Examine the records and identify each line that includes the string "Steel". Copy those lines.

* [SUPPLIED DATA]

§

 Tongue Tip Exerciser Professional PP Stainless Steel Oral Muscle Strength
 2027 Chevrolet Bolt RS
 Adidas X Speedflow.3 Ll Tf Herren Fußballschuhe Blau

§

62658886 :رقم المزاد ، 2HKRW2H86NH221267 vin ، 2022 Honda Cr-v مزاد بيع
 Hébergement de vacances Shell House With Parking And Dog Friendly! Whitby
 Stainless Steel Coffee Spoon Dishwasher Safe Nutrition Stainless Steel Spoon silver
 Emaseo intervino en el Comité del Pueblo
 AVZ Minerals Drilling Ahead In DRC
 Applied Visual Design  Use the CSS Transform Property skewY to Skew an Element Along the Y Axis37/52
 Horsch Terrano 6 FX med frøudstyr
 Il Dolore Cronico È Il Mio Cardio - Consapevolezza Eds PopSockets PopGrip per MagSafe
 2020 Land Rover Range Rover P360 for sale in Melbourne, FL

§

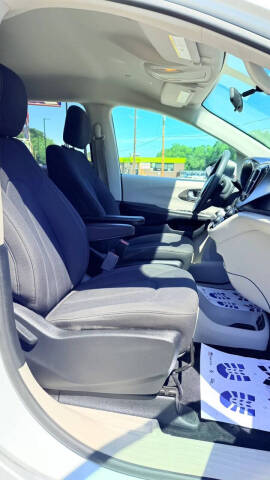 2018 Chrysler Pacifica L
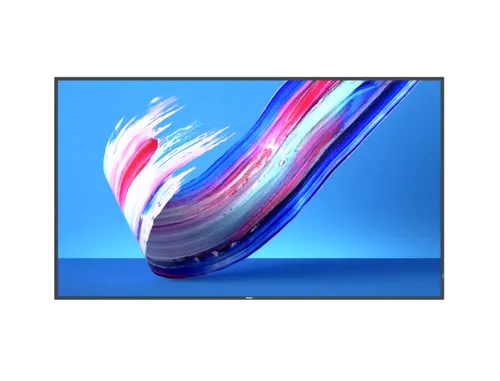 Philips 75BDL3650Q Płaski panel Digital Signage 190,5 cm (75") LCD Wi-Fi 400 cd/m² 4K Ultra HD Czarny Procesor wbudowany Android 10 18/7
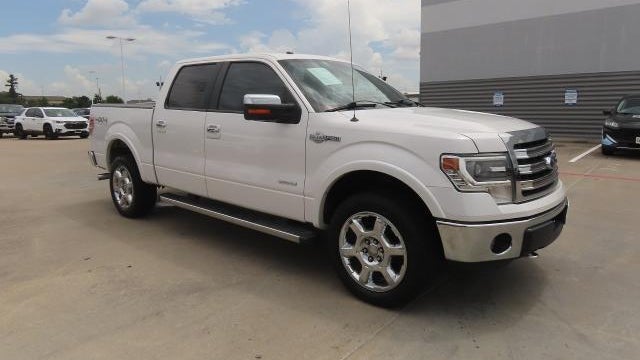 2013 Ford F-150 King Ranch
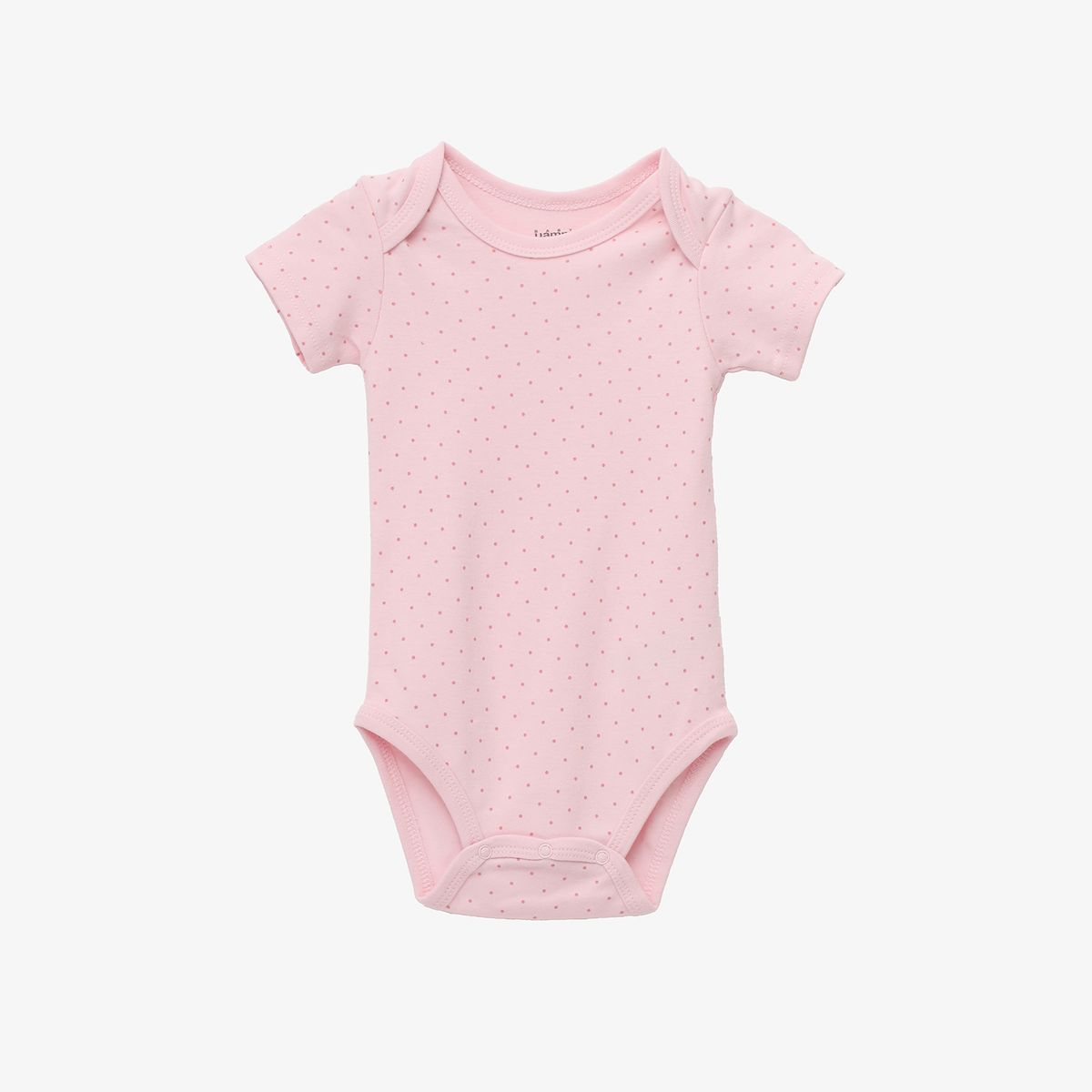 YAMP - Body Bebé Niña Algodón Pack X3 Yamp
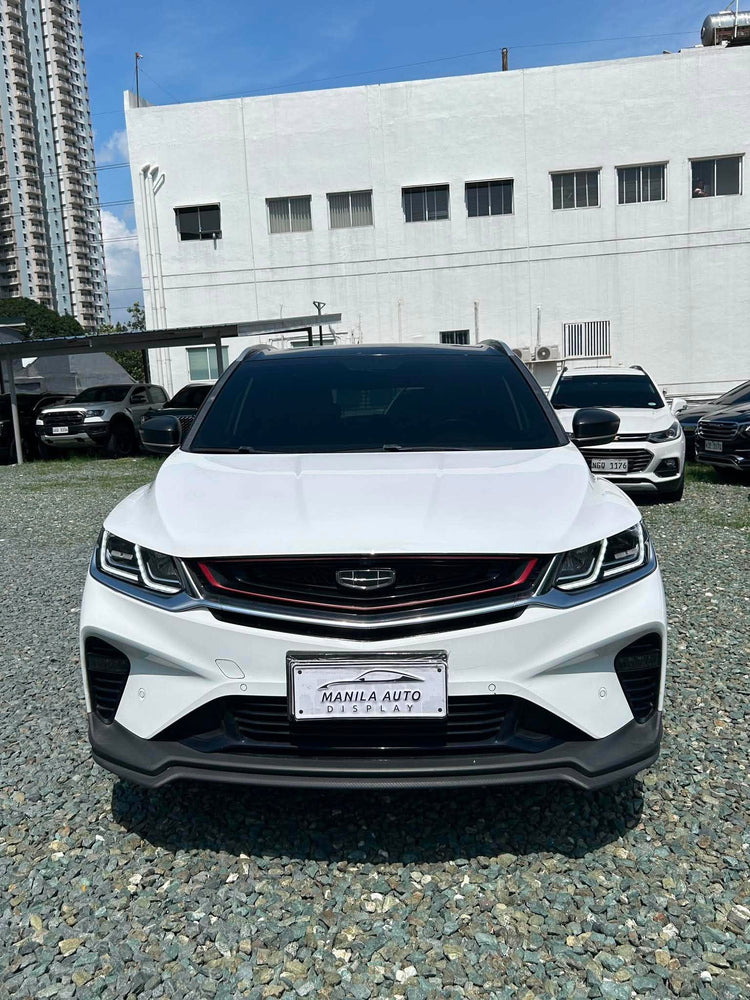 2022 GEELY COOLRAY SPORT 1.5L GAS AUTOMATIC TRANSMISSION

§

* [EXERCISE ANSWER]
 Tongue Tip Exerciser Professional PP Stainless Steel Oral Muscle Strength
 Stainless Steel Coffee Spoon Dishwasher Safe Nutrition Stainless Steel Spoon silver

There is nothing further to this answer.